Karl and Maria Ziegler rarely spoke publicly about their passion for collecting, perhaps only once: "The joy of beauty was the sole reason for acquiring the treasures that surrounded us". They did not collect according to art-historical criteria, but according to purely aesthetic preferences, whereby the couple cultivated their "garden of art" above all with the cheerful and intimate pictures of Expressionism.
If you want to find out more about the Ziegler couple's art collection, you have to look at the pictures with which they furnished their new home on Mülheim's Kahlenberg. Completed in 1957, the house with its large garden was within sight of the Kaiser Wilhelm Institute for Coal Research, where Prof. Karl Ziegler had just made a groundbreaking discovery for which he was to receive the Nobel Prize in Chemistry in 1963.
Even the first acquisitions in the late 1950s expressed the "joy of beauty" in a particularly impressive way. Above all, the numerous floral still lifes are a reminder of how Maria Ziegler's elaborately and lovingly designed garden was continued in the living area in a colorful way.
With its tiled stove, stucco and ornate wooden doors, the Beletage of the museum provides a harmonious exhibition backdrop to bring the private origins of the museum paintings to life. The exhibition is also about the collector couple themselves, the living environment of the paintings and the following generation of the family, who established the Ziegler Collection Foundation in 2002 and brought another 72 top-class works of Expressionism into the foundation.

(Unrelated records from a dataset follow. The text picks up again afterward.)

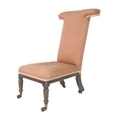 A Victorian mahogany and rosewood prie dieu chair, upholstered in pink cotton with rope twist edging... 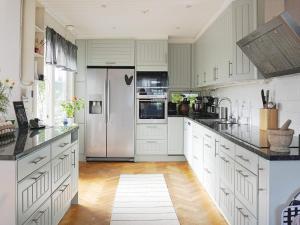 eine Küche mit weißen Schränken und einem Kühlschrank in der Unterkunft Holiday home ENSKEDE in Stockholm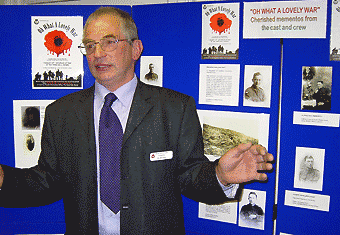 Councillor Vic Matcham beside a display board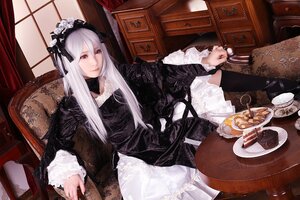 Rating: Safe Score: 0 Tags: 1girl black_dress chair cup dress frills gothic_lolita hairband indoors lolita_fashion lolita_hairband long_hair long_sleeves looking_at_viewer red_eyes rose silver_hair sitting solo suigintou table teacup white_hair User: admin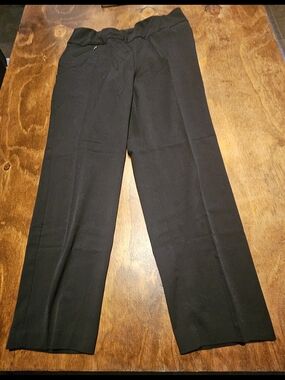 C3, The product is a pair of black dress pants for women by the brand Investment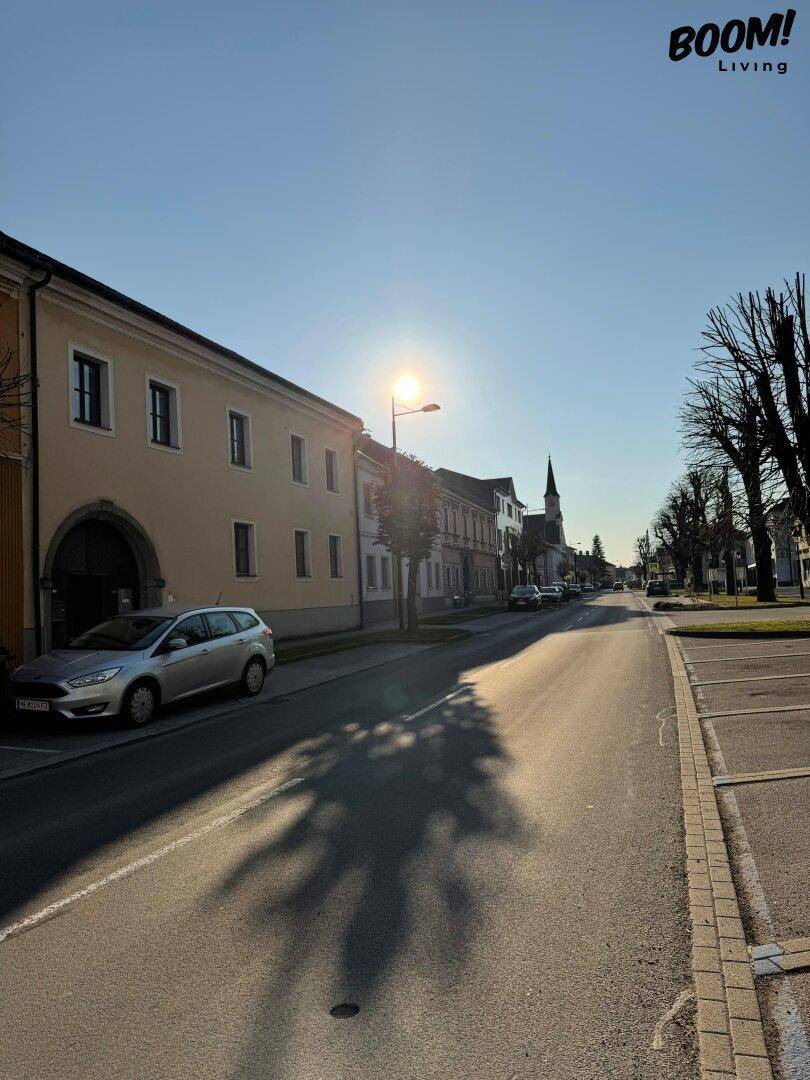 Sonnige Straße mit Gebäuden, Bäumen und einem Kirchturm in der Ferne.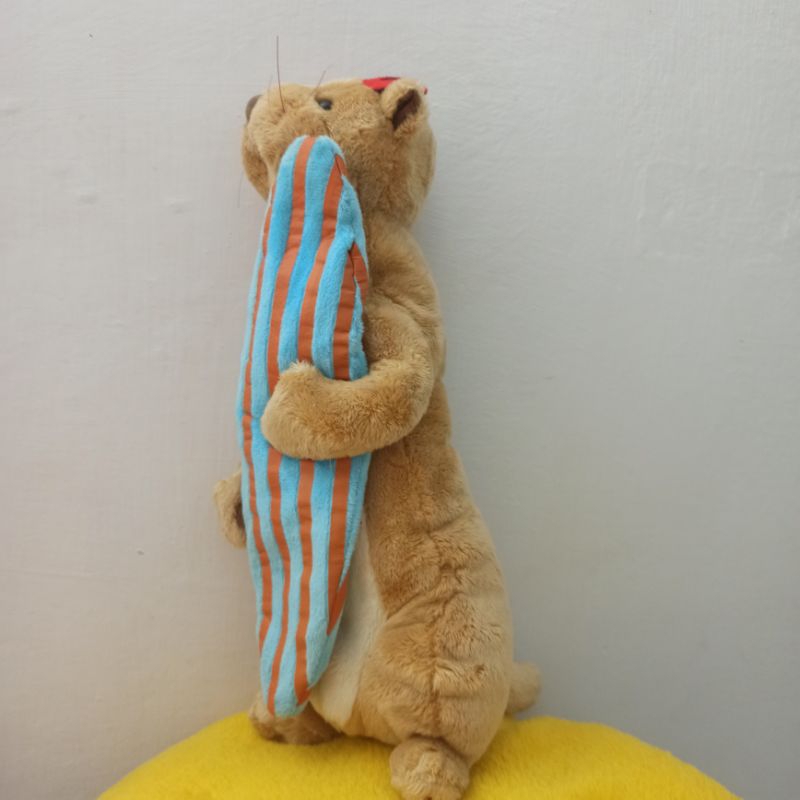 boneka hewan berang berang selancar plush doll mainan anak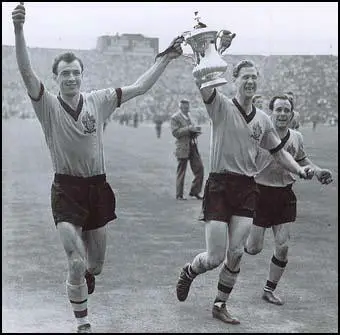 Eddie Clamp, Bill Slater and Norman Deeley celebrate the 1960 FA Cup win.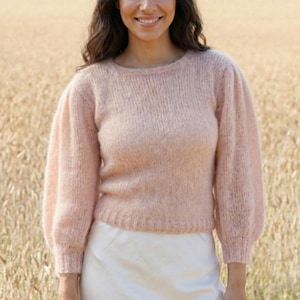 以下が含まれることがあります： 丸首の淡いピンク色のセーター。長くてパフスリーブが付いています。白いスカートと合わせています。女性は麦畑の前で微笑んでいます。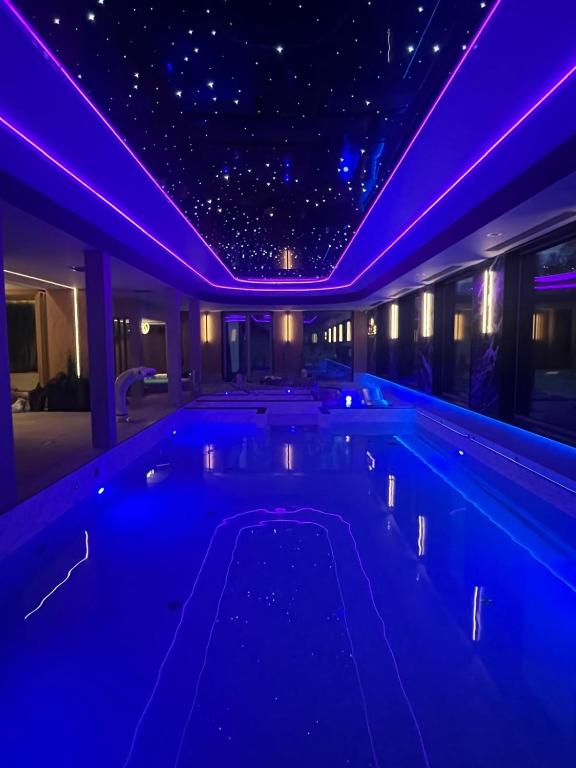 Long indoor pool under starry ceiling panels, purple LED accent lighting and reflective water surface.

The merger of the two collections in 2013 also resulted in a considerable increase in the size of the individual groups of works. Paul Klee, Lyonel Feininger and Emil Nolde are among the protagonists of the collection, who are now being honored individually for the first time and presented in a special setting, supplemented by explanatory texts, films and audio information.
This content has been machine translated.